Isn't the back to back uni just a "fisherman's knot" back to back? The same knot that I tie my flies on with?


----------



## Bull Market (Mar 12, 2005)

Here's an animated You Tube video.


----------



## aimus1 (Feb 28, 2011)

Agreed. And it's not really necessary to build a leader. A short section of 0X Flourocarbon works great. Just like casting a spinner...they attack while giving chase to a moving/twitching target. They wont have time to look at your knots. I also like the 0X when I roll chuck that streamer right into a cedar tree or the junk on the opposite bank. Lets me reef on it and pull it out. Point my rod tip right at it and pull straight back. "tuck your chin down and let the brim of your hat protect your face. I feel if I'm not casting it in the junk...I'm not getting my bug where the fish live. Cast it in their condo and giver a twitch.

Good Posts BM




Bull Market said:


> Just keep it short. When I'm pitching larger (single) streamers, I keep it to 36 inches tops. When tossing tanden smaller streamers 4 feet to 5 feet long seems to work real well.
> 
> Keep us posted on your results when you finally make it out.


----------



## swampswede (Jun 6, 2010)

Okay, I am another streamer novice and looking for more input on leaders. I have been using one piece of 2x about 3 ft long and have it nail knotted to my WF floating line. Streamers themselves are tied to leader with a Rapala Knot. Please give thoughts both good and bad as I am here to learn just as JFish is.


----------



## brushbuster (Nov 9, 2009)

Here's my advice.Imitate a wounded minnow. Minnows in distress or hurt roll around in the current they drift they flutter they surface and they sink. Big fish lurk in logs and in weed beds cast your oferings in such places. short strip, twitch, pause, fast strip, pause. swim the offering in the stumps until you cant see it and then create some action. Heavy short line with a little weight. I have used sink tips, floating line, lead core just about everything under the sun. Different conditions require different lines. I pretty much use floating line any more and work structure with a weighted fly.


----------



## aimus1 (Feb 28, 2011)

swampswede said:


> Okay, I am another streamer novice and looking for more input on leaders. I have been using one piece of 2x about 3 ft long and have it nail knotted to my WF floating line. Streamers themselves are tied to leader with a Rapala Knot. Please give thoughts both good and bad as I am here to learn just as JFish is.

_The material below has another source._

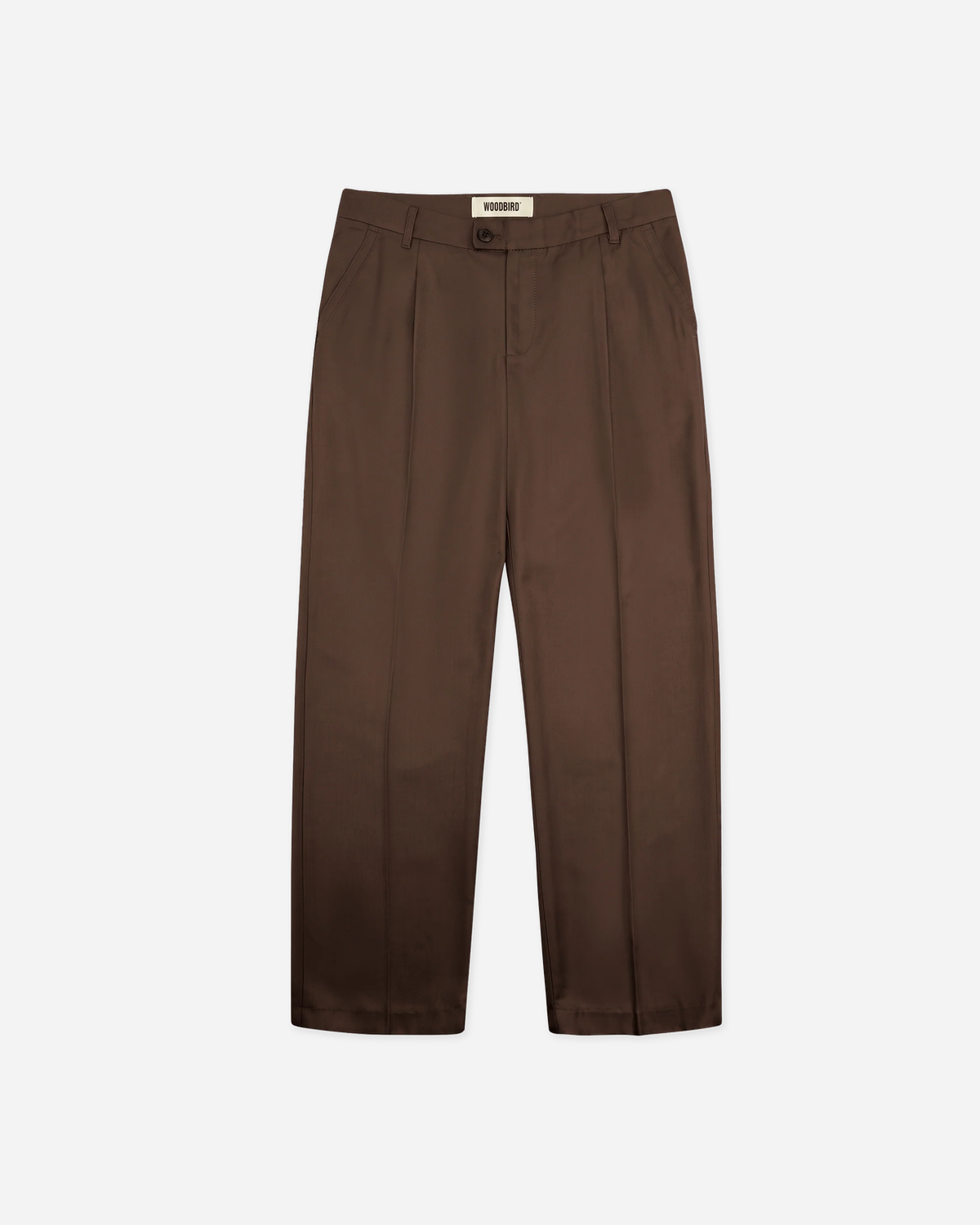 Ben Suit Pant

 Your set up will work fine with a weighted fly. I like floating line over sinking line in some instances because it allows you to get a little more "swing". Lets you swing the fly under logs and undercut banks. If you're going to get serious though then an extra spool for your existing reel or an inexpensive reel with some 200 grain sink tip line is good to have. Link a 3-4 ft. piece of that 2x flourocarbon to the end of the line and keep it in your pouch. Easy to switch up. 
Beware...Streamer action can take the day time dry fly fisherman right out of you. You'll move more big fish than you'll hook but when you see that pig follow your junk out of the shaddows...Nothing like it.


----------



## Bull Market (Mar 12, 2005)

aimus1 said:


> Beware...Streamer action can take the day time dry fly fisherman right out of you. You'll move more big fish than you'll hook but when you see that pig follow your junk out of the shaddows...Nothing like it.


Ain't THAT the truth!

Also, a slow swing and periodic twitch through dark water is my FAVORITE way to dance with steelhead in the fall.


----------



## BeanOFish (Jul 28, 2003)

All of this is great advice for streamer fishing. If you're looking for something that you can always reference, read Modern Streamers for Trophy Trout by Gallop and Linesman. It is fantastic. One of the best things that I picked up from that book is to try and have your streamer moving downstream, smaller baitfish flee going downstream (I've produced the majority of my big trout using this technique), and you cannot cast too close to cover.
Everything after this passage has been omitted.